Scott Gehlbach recently posted a new piece entitled “The Fallacy of Multiple Methods,” which appears in a symposium on “Training the Next Generation of Comparative Politics Scholars” the Fall 2015 issue of the APSA Comparative Politics Newsletter (sadly, not available online). Gehlbach’s post, more than the others in that symposium, has prompted several long discussions among my friends and colleagues who work in my corner of the discipline. His target is the belief that graduate students need to produce research that employs multiple methods:
The fallacy goes like this. Comparative politics maximizes its understanding of the political world when multiple methods are employed; therefore, graduate students in comparative politics should produce work that employs multiple methods.

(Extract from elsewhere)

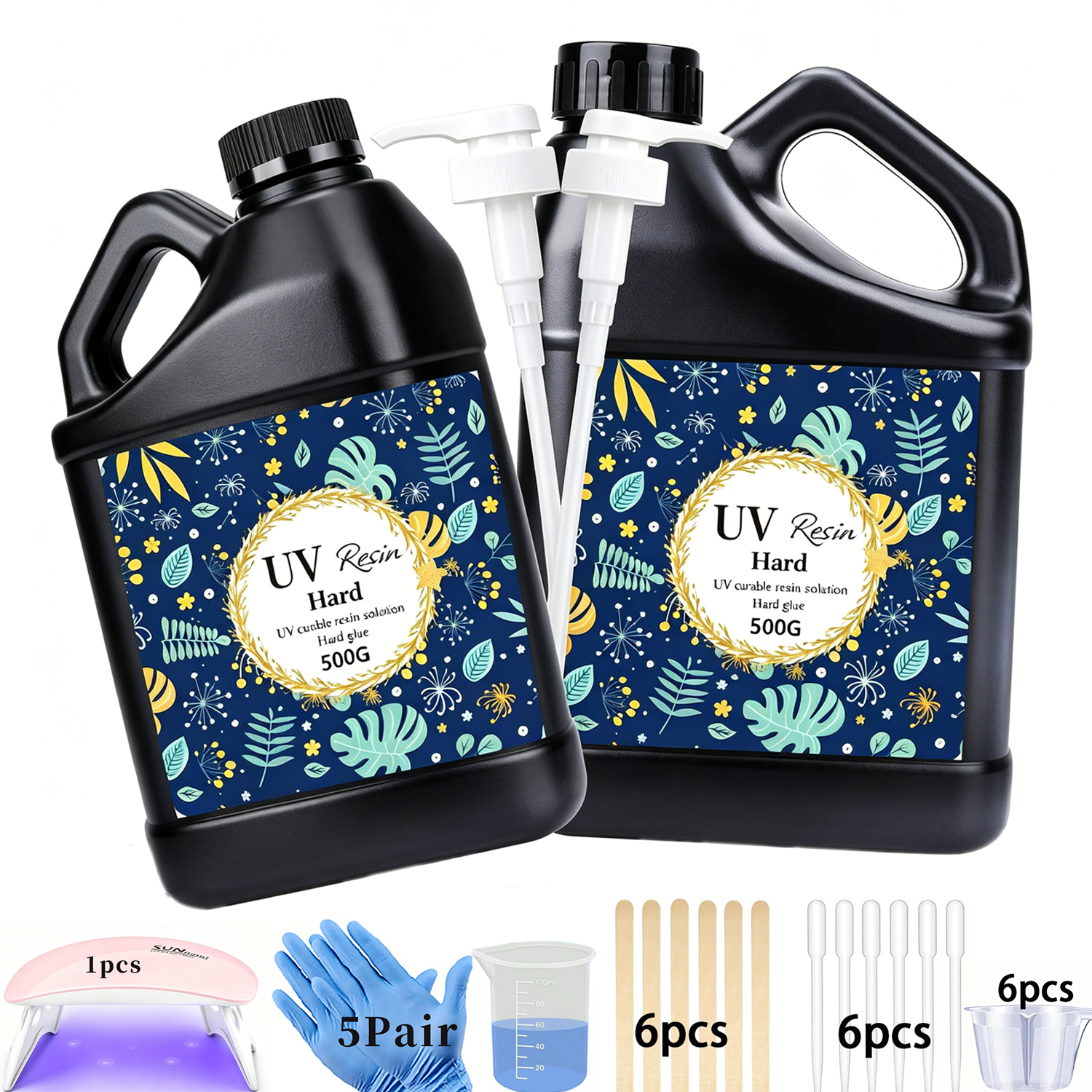 Кристально чистая и без запаха – обзор и цена Epoxy Uv Resin Kit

The argument is that even if we accept that multiple methods usefully and meaningfully contribute to the advancement of knowledge, that statement does not imply that students (or anyone else) must use them all at once. It’s a simple but important intervention in a world where students feel pressured to master all sorts of methods and, as Barbara Geddes‘s contribution to the symposium suggests, this comes at the expense of substantive knowledge.
I agree with Gehlbach’s point here, but my own view is that the argument might have been pitched in far stronger terms with what I suspect are much larger implications for current practice. Are all methods logically compatible with one another?

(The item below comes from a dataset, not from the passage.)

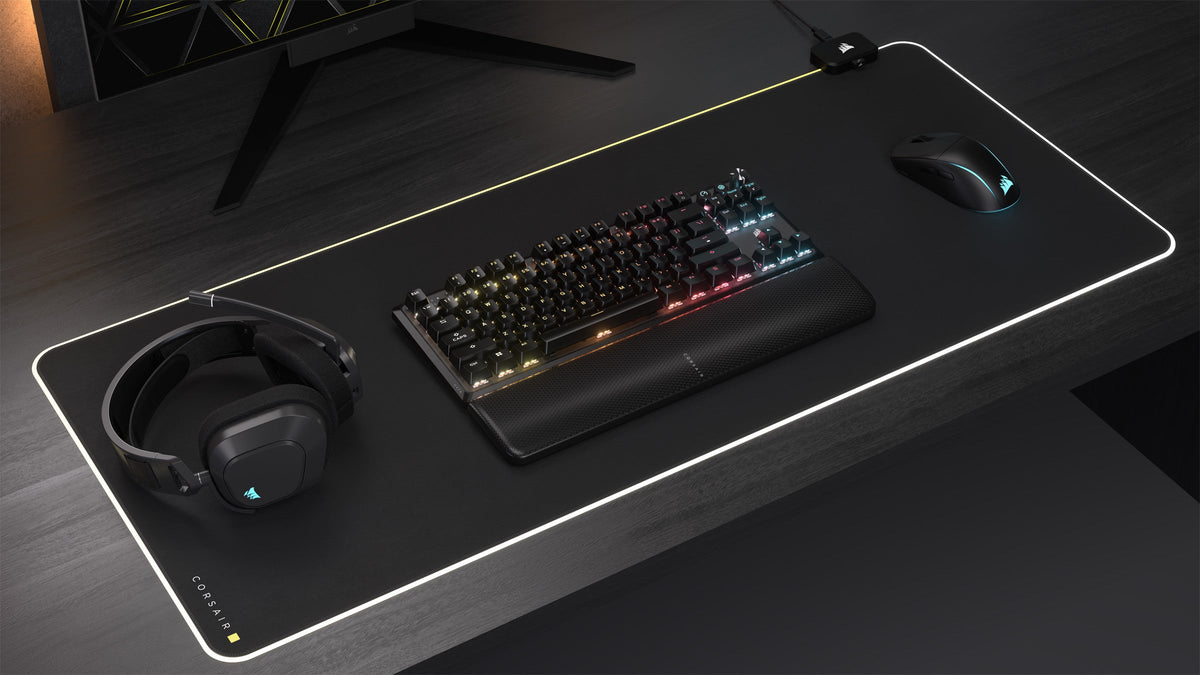 Corsair K70 Core TKL Wireless RGB Mechanical Gaming Keyboard, UK Layout, Black 106-CH-914901E-UK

To answer this requires an understanding of the epistemological foundations upon which different methods lie. Let me stack the deck a bit in favor of multiple methods being logically consistent with one another by stipulating at the outset that I’ll deal here only with positivist social science. No interpretivism, no post-modernism, not even any critical realism. So any incoherence between different methods does not stem from different epistemologies of truth values or beliefs about objective knowledge.
Within the positivist program, though, there are substantial differences in what it means to construct a causal explanation. The most thorough comparison of the different assumptions of different research traditions can be found in Mahoney and Goertz, “A Tale of Two Cultures: Contrasting Quantitative and Qualitative Research.” I find this article useful not because of how it groups different methodologies—I think that contrasting quantitative versus qualitative is a total red herring, but let’s stick with it for the purposes of this post—but because it does an excellent job summarizing different assumptions about what the goal of explanation is and what different theories of causality are. Their core point is that qualitative and quantitative methods can be seen as having different affinities with particular conceptualization of causality and explanation.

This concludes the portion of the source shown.